Task material START

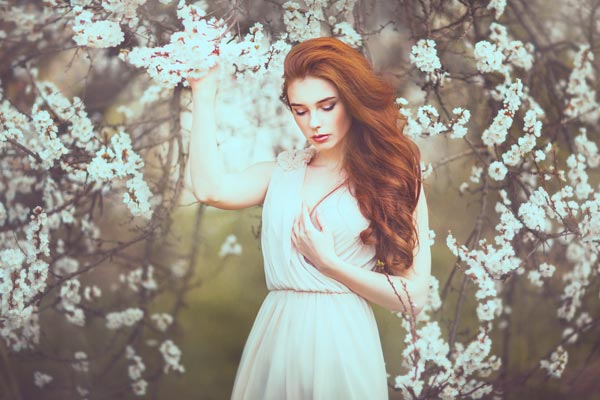 model wearing white holding white flowers with ps action applied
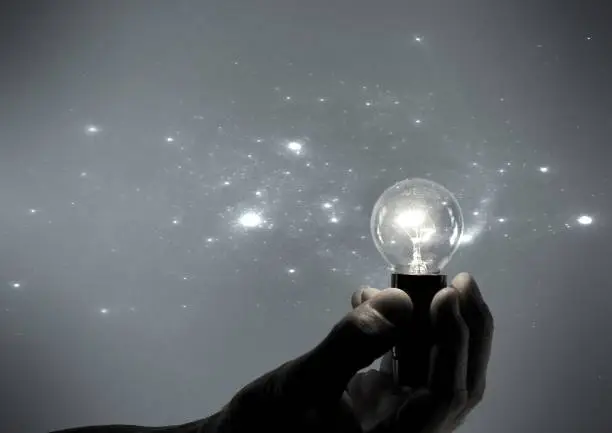 Male hand with incandescent light bulb and stars light effect on gray background.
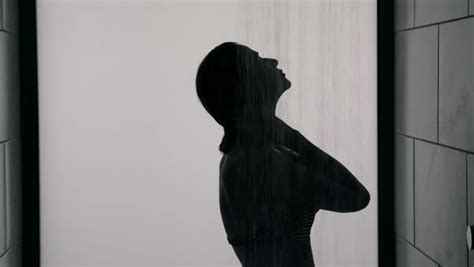 Silhouette Of Side View Of Woman In A Bikini Taking A Shower Stock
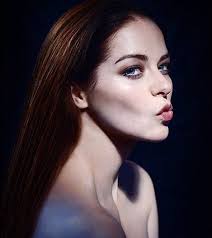 This is a portrait image with resolution 212x238, dominant color black, approximately 1 main objects, containing one person.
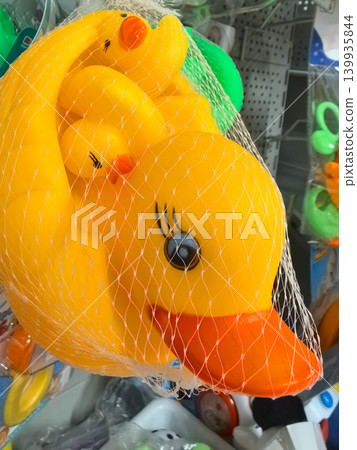 Colorful rubber duck family ready for summer fun at the toy store Colorful rubber duck family ready for summer fun at the toy store 139935844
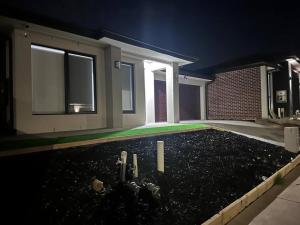 a garden in front of a house at night at Stockmans in Truganina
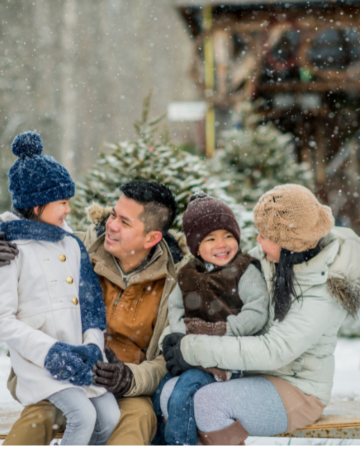family of four bundled up and sitting outside by a cabin and spruce trees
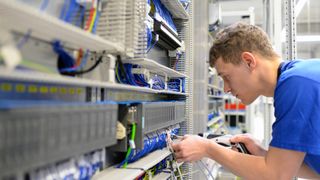 An apprenticeship at work handling electronic components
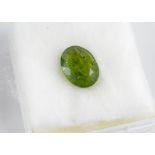 An unset facetted oval peridot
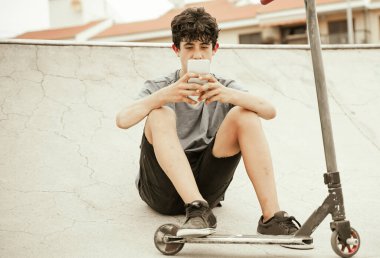 Cep telefonlu çocuk. Modern akıllı telefon teknolojisine bağımlı yoldaki genç scooter - Görüntü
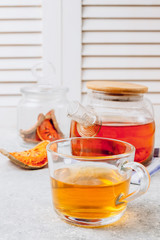 Bael fruit juice or quince tea and dried bael sliced fruit on light gray background. Thai or Asian healthy drink. Bael is helping the body to resist catching a cold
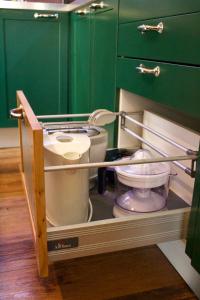 a toilet in a bathroom with a green cabinet at Tra le Alpi - Holiday House in Tresivio +57 photos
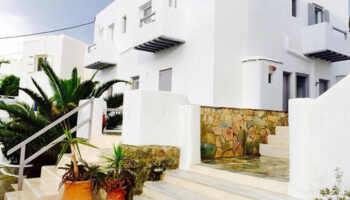 M for Mykonos gay-friendly hotel in Mykonos Town. White building with stairs, stone accents, and potted plants. Gay travel in Mykonos.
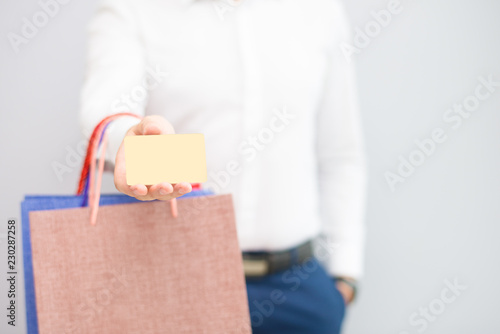 Closeup of man showing credit card and holding shopping bags. Buyer holding purchases. Shopping and payment concept. Isolated cropped view on grey background.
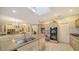 Well-equipped kitchen with island, breakfast bar and views into the Gathering room at 2909 Old Orchard Ln, Parrish, FL 34219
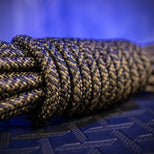 Grunt Rope braided polyester bondage rope macro detail of the olive-black weave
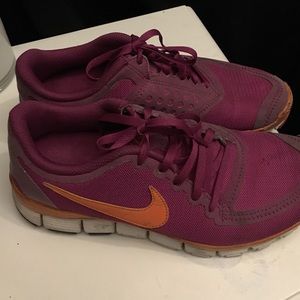 Purple and orange Nike shoes 7.5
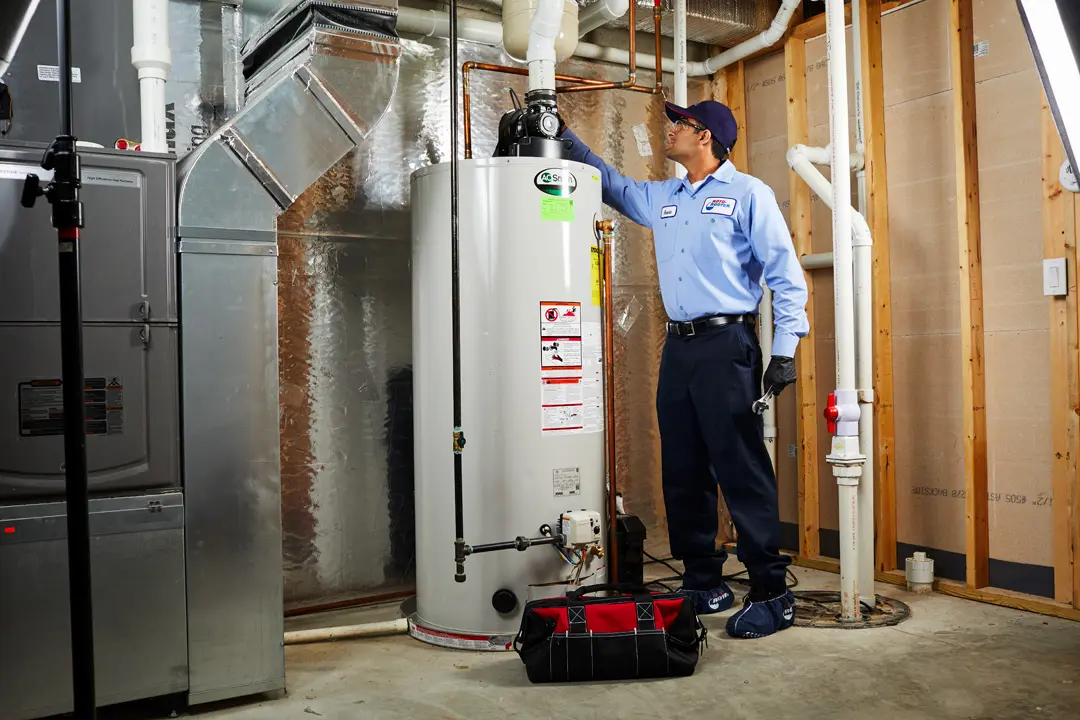 Roto-Rooter technician servicing a water heater in an Apple Valley home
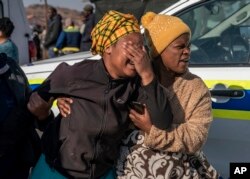 Une femme pleure sur les lieux de la fusillade survenue dans un bar à Soweto, en Afrique du Sud, le 10 juillet 2022.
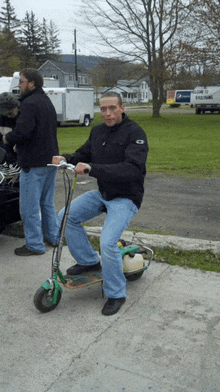 a man riding a scooter with a pepsi truck in the background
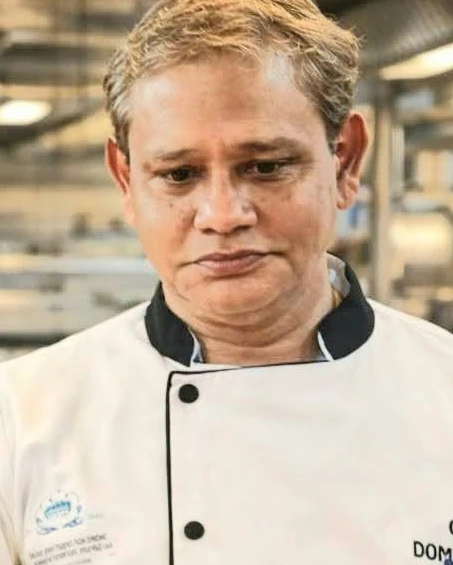 Chef Dominic Gomes in chef whites in a professional kitchen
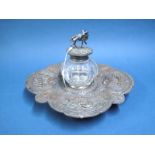 A Highly Decorative Desk Inkwell on Stand, the shaped stand profusely detailed in relief with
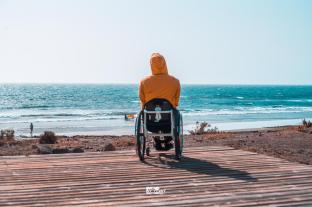 Wheelchair user with a yellow hoody on a wooden plattform on the beach. The photo is taken from behind. The hood covering the head. In the background is the sea with one windsurfer on the shore.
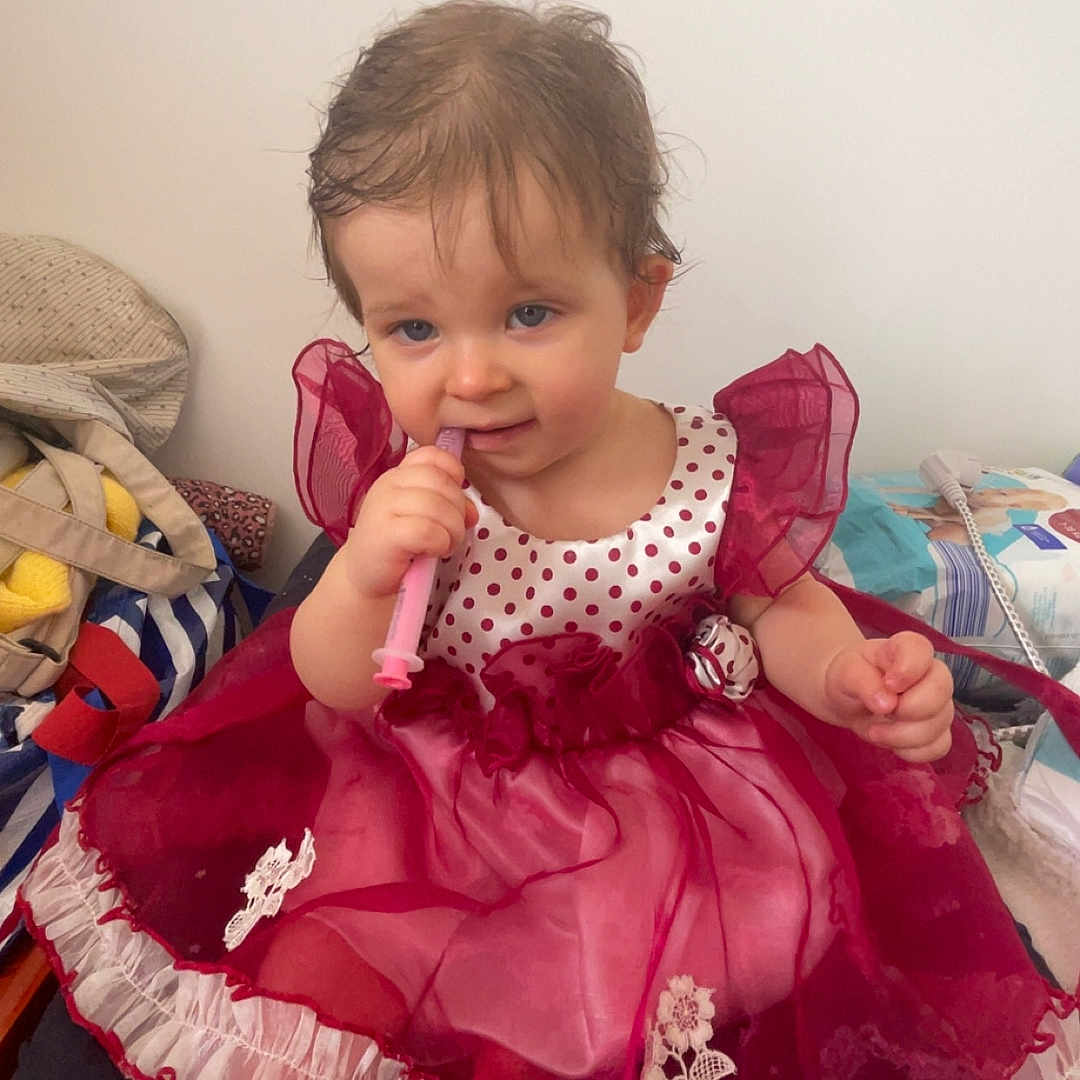 Mahyna a rejoint le concours — aidez-le/la à gagner de superbes lots ! blanket, chewing, child, dress, fabric, face, foot, furniture, hair, home, indoor, pattern, person, polka_dots, red, sitting, syringe, toddler, toy, white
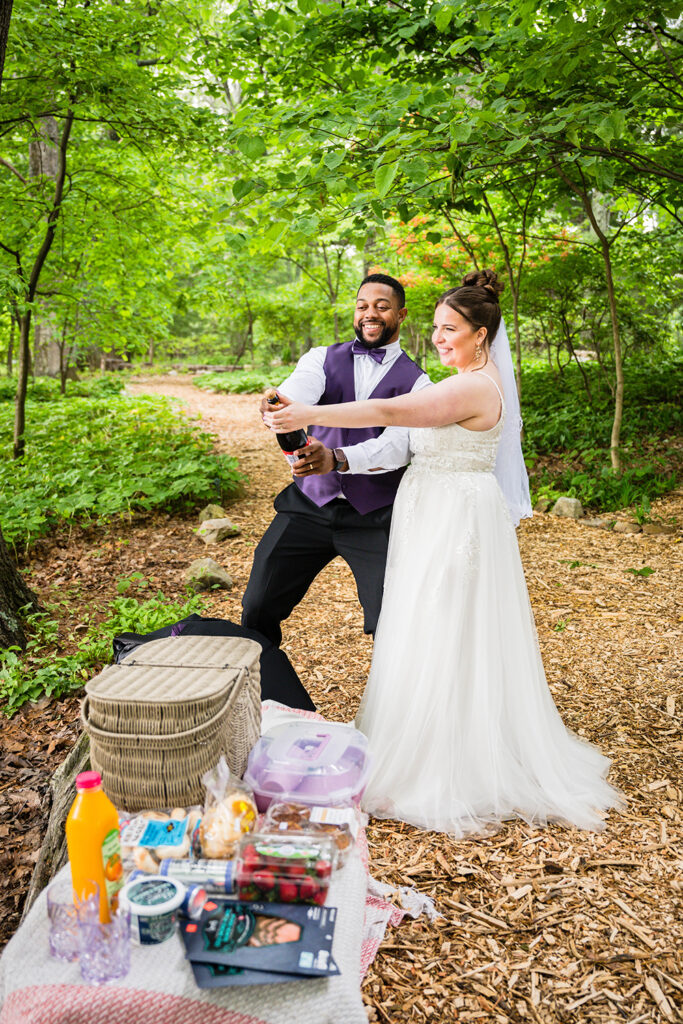 A couple prepares to pop a bottle of champagne in Mill Mountain Wildflower Garden to celebrate getting married.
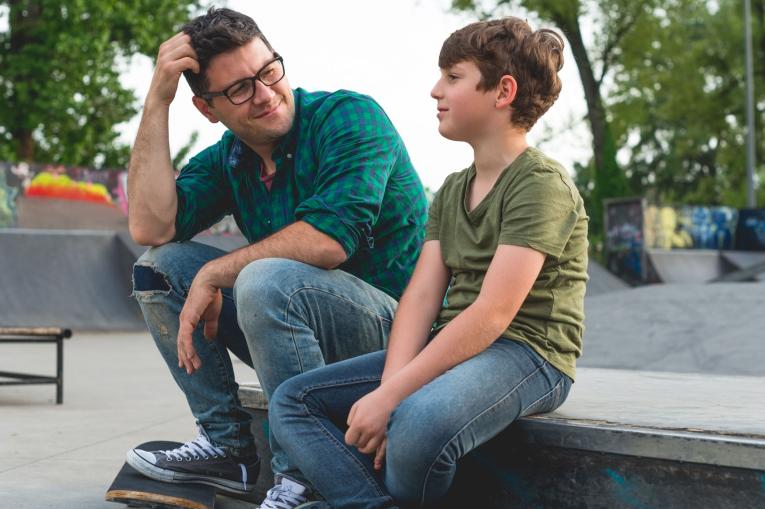 A man and a child at a skatepark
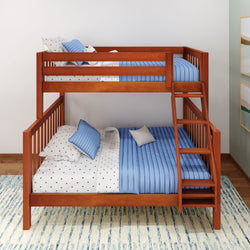 Wooden twin over full bunk bed with blue and white bedding, featuring a ladder in a modern bedroom setting.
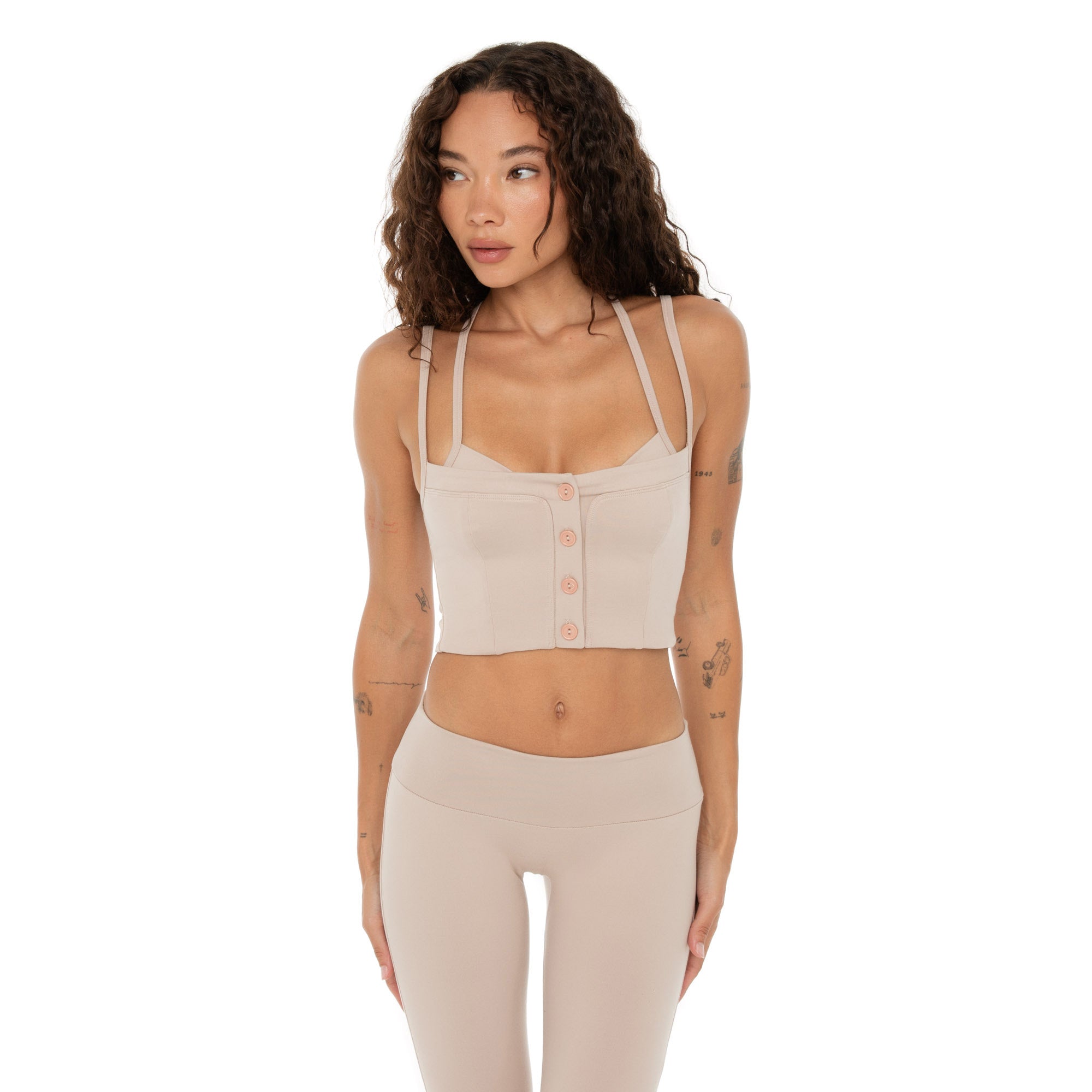 Front view close-up of Kylen Top in nude with functional center buttons. **nude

Task material END

→ Task description
Transcribe only this stretch of the data: the line with "Bael fruit juice", the line with "Roto-Rooter technician servicing", and every line in between. Leave out the pictures.

→ Response to the exercise
 Bael fruit juice or quince tea and dried bael sliced fruit on light gray background. Thai or Asian healthy drink. Bael is helping the body to resist catching a cold
 a toilet in a bathroom with a green cabinet at Tra le Alpi - Holiday House in Tresivio +57 photos
 M for Mykonos gay-friendly hotel in Mykonos Town. White building with stairs, stone accents, and potted plants. Gay travel in Mykonos.
 Closeup of man showing credit card and holding shopping bags. Buyer holding purchases. Shopping and payment concept. Isolated cropped view on grey background.
 Well-equipped kitchen with island, breakfast bar and views into the Gathering room at 2909 Old Orchard Ln, Parrish, FL 34219
 Grunt Rope braided polyester bondage rope macro detail of the olive-black weave
 Purple and orange Nike shoes 7.5
 Roto-Rooter technician servicing a water heater in an Apple Valley home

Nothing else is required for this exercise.